— Input data —
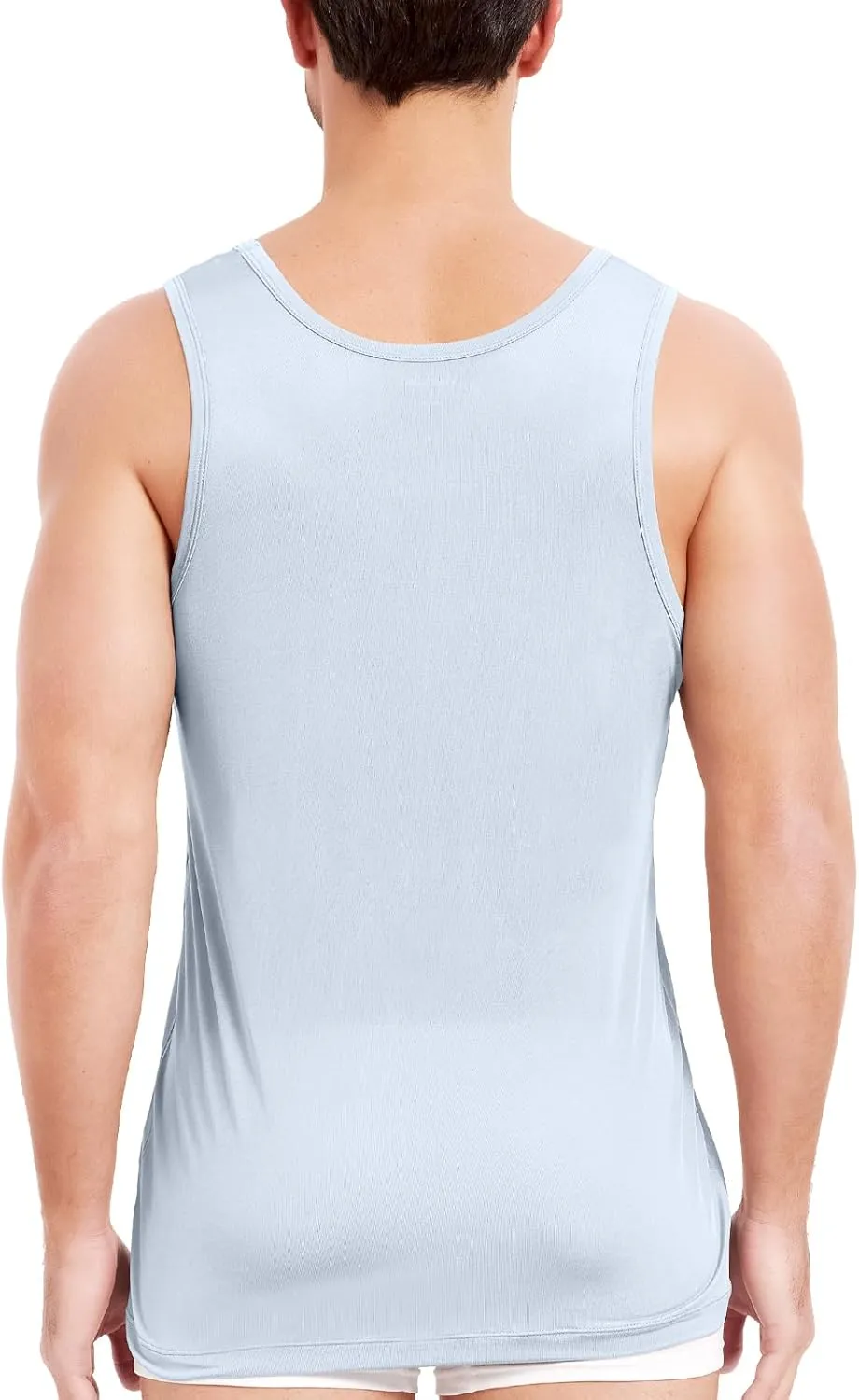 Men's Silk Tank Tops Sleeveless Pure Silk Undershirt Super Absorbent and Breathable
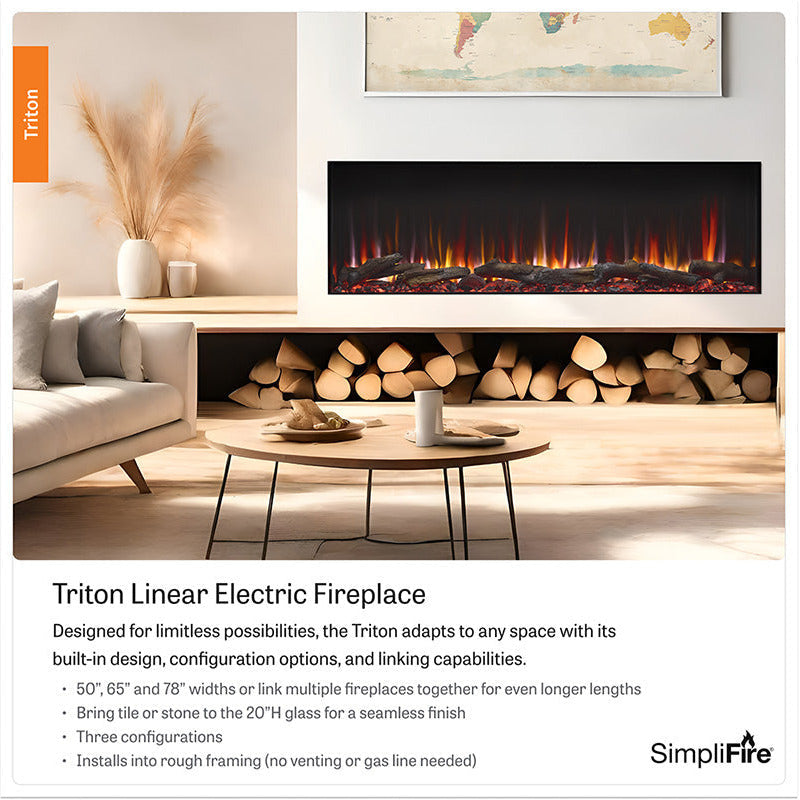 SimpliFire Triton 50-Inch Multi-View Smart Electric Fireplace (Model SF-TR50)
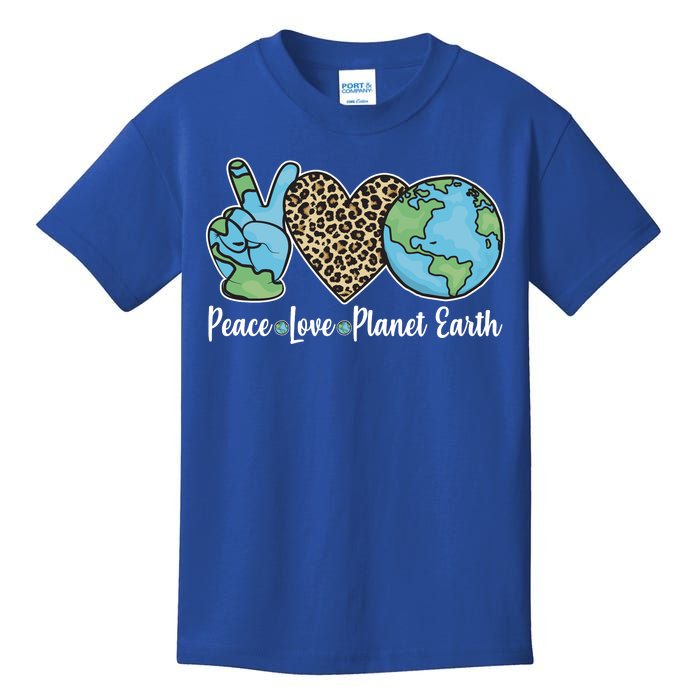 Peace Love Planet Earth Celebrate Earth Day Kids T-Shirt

— Work item —
All of the material above should be copied exactly, minus the pictures.

— Answer space —
 Men's Silk Tank Tops Sleeveless Pure Silk Undershirt Super Absorbent and Breathable
 SimpliFire Triton 50-Inch Multi-View Smart Electric Fireplace (Model SF-TR50)
 Peace Love Planet Earth Celebrate Earth Day Kids T-Shirt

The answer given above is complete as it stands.